• INFORMATION SHOWN
########
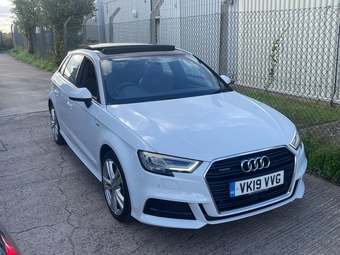 Audi A3 2019
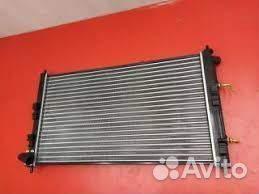 Mitsubishi Lancer X радиатор охлаждения
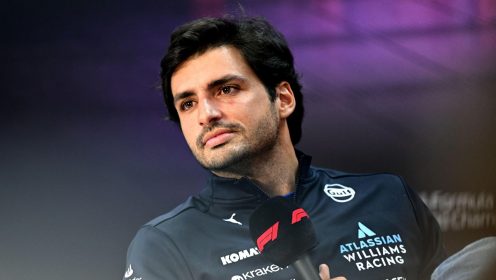Carlos Sainz questions ‘ridiculously little’ F1 testing among ‘infinite’ sim spending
########
• WHAT YOU HAVE TO DO
Please repeat every line of the material above exactly and without its pictures.

• ANSWER
 Audi A3 2019
 Mitsubishi Lancer X радиатор охлаждения
Carlos Sainz questions ‘ridiculously little’ F1 testing among ‘infinite’ sim spending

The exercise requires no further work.